Cuando se divulgó la noticia del nombre del nuevo Papa, vaticanistas y expertos en temas de la Iglesia católica entendieron de inmediato cuál era el mensaje del estadounidense-peruano.

Aunque poco a poco se vayan aclarando los detalles de su identificación con León XIII e incluso ya lo haya explicado el fin de semana el propio pontífice, es necesario reflexionar sobre el asunto.

El Papa, su nombre, su postura ante el mundo actual y sus contradicciones tienen importancia para creyentes y no creyentes. Por eso, en los límites de este espacio y de las capacidades de quien en esto escribe, dedico estas palabras a los puntos de encuentro entre los dos papas con 120 años de distancia.

A estos Leones les tocó presenciar los estragos de dos revoluciones. A León XIII, la industrial; a León XIV, la de la inteligencia artificial.

El largo pontificado del primero, 25 años, le dio el tiempo suficiente para ver, reaccionar y gestionar su postura social. Investido en 1878, pudo madurar sus ideas para promulgar su encíclica Rerum Novarum en 1891, el detonador de la Doctrina Social de la Iglesia, y propagarla hasta 1903.

Si se me permite la figura adoptada por el papa Francisco, de que el ser humano (la sociedad también) es la amalgama razón-corazón-manos, a León XIII le tocó vivir la revolución industrial que arrebató el poder a las manos, con la que los obreros en masa perdieron empleo y toda posibilidad de sustento. La Iglesia tomó postura. Levantó la voz; es su único poder. Puso el dedo en la llaga; no tiene más facultad. Condenó la explotación y empobrecimiento de quienes viven de sus manos; limitado es su alcance.
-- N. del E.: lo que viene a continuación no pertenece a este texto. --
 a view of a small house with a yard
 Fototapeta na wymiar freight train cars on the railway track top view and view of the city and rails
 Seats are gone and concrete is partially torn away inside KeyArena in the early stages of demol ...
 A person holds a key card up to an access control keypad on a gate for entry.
En la metáfora recurrente usada por muchos, la Iglesia, sus ministros, no son quienes apagan el fuego con sus propias manos; no es el bombero, sino el que dice dónde está ardiendo el mundo. Eso debe hacer toda iglesia, sea cual fuere, con apego a sus Evangelios o libros sagrados equivalentes.
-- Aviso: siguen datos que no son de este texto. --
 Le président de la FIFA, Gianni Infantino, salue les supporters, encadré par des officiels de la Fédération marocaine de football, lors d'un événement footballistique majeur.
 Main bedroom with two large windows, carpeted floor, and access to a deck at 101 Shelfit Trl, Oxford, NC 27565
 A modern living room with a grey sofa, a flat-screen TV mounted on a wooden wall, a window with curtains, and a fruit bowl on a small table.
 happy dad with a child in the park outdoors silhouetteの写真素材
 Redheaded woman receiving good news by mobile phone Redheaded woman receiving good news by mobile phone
León XIII ha sido reconocido por señalar con precisión sobre los fuegos que debían ser apagados.

A ese Papa quiso seguir el nuevo León. Al que le tocó vivir las consecuencias de la revolución que restó poder a las manos. En el primer cuarto de siglo, el sucesor de Francisco enfrenta la revolución que está suplantando la razón, su fuerza y a los que de ella viven. La revolución digital en su capítulo de la inteligencia artificial de alcances aún no imaginados e impactos impredecibles.

Se perderán puestos de trabajo y opciones de supervivencia para quienes se ganan el sustento con la razón y con tareas que exigen el uso de ésta. La tríada ha sido herida de muerte en sus componentes extremos con dos siglos de diferencia. El elemento restante (el corazón) se ha perdido sin saberlo, dicen los pesimistas. Es el único que se conserva, dicen los partidarios de la esperanza.

¿Qué papel debe jugar la Iglesia ante esta revolución salvaje? La pregunta debería ser más amplia: ¿Qué papel deben jugar todas las iglesias y todos los credos?

La revolución industrial y también la revolución digital hicieron grandes aportaciones a la humanidad y las seguirán haciendo. Pero en la loca carrera de ese aparente progreso ha atropellado a multitudes y ha dejado sus cadáveres insepultos, que no vemos o preferimos no ver.

¿Qué hacer para que el optimismo ante los innegables avances macroeconómicos y sanitarios no nos haga sordos y ciegos frente a sus efectos colaterales?

Como León XIII, León XIV debe decir: “Ahí está ardiendo el mundo”. Y los demás, si discernimos que dicen la verdad, con las manos, razón y corazón, o lo que quede de ellos, convertirnos en los bomberos que apaguen las llamas. Por una razón suprema: podemos convertirnos en cenizas antes del alba.